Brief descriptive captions

==========

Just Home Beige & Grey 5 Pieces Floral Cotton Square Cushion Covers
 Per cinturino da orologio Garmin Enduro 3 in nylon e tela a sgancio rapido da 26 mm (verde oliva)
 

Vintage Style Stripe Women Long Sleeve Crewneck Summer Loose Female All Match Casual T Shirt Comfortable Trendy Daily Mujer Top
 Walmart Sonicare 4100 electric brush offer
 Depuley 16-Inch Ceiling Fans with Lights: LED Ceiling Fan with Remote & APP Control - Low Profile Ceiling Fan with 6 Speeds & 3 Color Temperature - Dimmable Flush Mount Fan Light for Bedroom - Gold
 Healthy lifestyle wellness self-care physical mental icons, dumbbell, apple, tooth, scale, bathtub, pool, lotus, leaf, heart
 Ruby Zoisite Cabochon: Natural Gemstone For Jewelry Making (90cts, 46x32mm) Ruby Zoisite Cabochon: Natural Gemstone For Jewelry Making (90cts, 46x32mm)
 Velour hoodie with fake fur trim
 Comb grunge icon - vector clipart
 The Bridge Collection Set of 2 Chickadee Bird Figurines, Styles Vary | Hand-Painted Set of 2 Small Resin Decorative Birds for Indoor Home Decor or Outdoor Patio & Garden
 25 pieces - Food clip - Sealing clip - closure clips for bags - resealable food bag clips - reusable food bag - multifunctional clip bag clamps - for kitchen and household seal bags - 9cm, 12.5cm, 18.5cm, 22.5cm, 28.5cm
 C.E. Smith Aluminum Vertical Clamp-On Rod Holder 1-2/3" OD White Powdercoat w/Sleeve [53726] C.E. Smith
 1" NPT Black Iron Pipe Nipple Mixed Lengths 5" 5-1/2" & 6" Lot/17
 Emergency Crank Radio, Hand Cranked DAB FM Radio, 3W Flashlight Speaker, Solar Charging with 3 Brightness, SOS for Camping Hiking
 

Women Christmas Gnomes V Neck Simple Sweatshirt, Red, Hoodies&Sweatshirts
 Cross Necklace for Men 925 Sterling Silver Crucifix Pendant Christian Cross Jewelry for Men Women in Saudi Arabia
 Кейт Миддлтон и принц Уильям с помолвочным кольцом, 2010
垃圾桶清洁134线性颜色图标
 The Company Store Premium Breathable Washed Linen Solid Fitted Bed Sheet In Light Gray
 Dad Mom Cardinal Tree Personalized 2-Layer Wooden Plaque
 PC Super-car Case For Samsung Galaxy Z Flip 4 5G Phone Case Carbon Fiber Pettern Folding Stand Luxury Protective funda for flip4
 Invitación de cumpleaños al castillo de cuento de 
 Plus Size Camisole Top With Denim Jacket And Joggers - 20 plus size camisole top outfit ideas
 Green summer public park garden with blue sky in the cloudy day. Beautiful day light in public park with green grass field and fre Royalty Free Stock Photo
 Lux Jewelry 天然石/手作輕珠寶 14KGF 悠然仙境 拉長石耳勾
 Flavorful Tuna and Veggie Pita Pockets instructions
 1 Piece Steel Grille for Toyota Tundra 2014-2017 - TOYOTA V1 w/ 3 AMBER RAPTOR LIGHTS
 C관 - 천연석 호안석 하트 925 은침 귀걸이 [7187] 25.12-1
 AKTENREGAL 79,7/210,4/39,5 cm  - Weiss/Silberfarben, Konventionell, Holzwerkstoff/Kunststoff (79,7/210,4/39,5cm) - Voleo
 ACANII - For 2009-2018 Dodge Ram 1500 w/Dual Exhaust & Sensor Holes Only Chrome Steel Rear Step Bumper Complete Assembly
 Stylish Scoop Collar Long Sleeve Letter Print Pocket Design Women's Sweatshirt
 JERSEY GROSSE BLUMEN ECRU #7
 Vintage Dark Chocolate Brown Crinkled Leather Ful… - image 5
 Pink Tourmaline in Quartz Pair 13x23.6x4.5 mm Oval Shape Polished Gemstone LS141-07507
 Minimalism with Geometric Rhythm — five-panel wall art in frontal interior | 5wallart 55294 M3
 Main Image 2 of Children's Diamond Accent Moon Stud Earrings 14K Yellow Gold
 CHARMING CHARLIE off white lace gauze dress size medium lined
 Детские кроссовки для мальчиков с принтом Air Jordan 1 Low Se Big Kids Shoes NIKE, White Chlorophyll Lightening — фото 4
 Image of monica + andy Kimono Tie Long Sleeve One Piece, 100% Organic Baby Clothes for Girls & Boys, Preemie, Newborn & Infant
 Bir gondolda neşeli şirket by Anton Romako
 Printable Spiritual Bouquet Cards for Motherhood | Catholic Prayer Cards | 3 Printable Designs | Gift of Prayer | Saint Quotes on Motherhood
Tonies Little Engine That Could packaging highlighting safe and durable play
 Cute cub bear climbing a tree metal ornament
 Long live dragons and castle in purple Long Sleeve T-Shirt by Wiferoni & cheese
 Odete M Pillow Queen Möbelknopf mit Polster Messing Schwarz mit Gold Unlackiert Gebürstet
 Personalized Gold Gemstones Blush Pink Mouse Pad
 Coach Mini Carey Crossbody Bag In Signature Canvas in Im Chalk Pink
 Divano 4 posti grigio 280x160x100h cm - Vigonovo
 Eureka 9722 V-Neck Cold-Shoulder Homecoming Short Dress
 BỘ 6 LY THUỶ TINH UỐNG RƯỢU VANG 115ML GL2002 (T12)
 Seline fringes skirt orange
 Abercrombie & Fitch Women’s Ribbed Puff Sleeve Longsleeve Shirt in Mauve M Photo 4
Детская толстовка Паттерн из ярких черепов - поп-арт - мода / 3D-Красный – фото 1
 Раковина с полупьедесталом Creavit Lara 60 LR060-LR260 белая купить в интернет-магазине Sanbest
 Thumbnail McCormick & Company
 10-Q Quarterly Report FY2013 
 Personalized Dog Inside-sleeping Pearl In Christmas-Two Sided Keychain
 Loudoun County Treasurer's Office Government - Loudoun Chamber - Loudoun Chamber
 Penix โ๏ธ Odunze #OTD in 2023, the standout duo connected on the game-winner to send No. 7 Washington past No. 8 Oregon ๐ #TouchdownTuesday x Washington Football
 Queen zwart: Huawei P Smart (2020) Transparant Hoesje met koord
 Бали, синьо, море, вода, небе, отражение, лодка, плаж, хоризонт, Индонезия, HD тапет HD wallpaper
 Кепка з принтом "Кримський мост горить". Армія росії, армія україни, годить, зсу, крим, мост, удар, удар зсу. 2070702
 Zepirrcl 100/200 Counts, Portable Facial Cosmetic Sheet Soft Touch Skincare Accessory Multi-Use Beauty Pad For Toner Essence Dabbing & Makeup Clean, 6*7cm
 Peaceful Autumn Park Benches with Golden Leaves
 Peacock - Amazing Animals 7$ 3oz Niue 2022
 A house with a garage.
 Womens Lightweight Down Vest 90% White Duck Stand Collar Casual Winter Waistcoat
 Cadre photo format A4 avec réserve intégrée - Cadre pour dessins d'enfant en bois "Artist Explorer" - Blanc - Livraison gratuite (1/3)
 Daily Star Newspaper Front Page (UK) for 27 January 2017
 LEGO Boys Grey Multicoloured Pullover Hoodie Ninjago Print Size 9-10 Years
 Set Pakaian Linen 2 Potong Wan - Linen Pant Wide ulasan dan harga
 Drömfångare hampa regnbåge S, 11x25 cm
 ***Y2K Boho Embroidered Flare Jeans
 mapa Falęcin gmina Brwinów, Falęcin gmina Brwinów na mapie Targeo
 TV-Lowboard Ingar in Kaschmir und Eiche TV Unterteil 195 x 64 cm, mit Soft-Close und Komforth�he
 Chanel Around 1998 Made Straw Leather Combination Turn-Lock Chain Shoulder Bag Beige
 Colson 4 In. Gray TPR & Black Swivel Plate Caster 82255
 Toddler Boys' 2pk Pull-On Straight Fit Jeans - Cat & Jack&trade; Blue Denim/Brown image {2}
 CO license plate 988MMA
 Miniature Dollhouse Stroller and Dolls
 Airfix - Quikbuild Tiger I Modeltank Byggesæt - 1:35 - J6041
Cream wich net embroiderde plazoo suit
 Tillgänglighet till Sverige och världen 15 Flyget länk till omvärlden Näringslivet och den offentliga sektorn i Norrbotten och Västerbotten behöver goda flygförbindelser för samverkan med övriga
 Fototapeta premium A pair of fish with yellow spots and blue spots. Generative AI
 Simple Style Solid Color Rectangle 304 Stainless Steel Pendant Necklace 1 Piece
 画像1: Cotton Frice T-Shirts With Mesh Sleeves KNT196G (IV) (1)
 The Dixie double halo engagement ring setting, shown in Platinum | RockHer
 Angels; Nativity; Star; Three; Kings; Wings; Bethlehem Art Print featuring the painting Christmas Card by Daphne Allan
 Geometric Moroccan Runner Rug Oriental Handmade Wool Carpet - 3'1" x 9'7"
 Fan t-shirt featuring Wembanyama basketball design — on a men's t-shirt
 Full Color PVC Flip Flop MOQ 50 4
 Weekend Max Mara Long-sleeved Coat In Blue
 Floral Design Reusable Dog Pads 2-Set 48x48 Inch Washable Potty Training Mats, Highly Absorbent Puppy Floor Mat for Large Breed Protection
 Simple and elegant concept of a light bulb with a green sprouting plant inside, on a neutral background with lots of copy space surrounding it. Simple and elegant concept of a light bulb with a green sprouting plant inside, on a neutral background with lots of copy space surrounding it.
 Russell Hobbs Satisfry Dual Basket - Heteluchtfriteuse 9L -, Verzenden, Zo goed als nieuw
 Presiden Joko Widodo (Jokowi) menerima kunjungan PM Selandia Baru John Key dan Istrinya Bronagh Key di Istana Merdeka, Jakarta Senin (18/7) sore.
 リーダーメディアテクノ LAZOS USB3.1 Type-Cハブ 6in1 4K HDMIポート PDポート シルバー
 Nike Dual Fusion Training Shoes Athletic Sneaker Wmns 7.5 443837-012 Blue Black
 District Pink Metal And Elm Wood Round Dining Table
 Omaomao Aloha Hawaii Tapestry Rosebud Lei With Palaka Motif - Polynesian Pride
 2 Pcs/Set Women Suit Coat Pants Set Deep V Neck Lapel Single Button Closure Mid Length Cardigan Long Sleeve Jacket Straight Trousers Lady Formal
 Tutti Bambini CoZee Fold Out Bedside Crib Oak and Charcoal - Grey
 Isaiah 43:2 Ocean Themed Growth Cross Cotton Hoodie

==========

Task to carry out: Lines holding the word "Dual": say how many there are in the data, and nothing more.

Result for this task: 3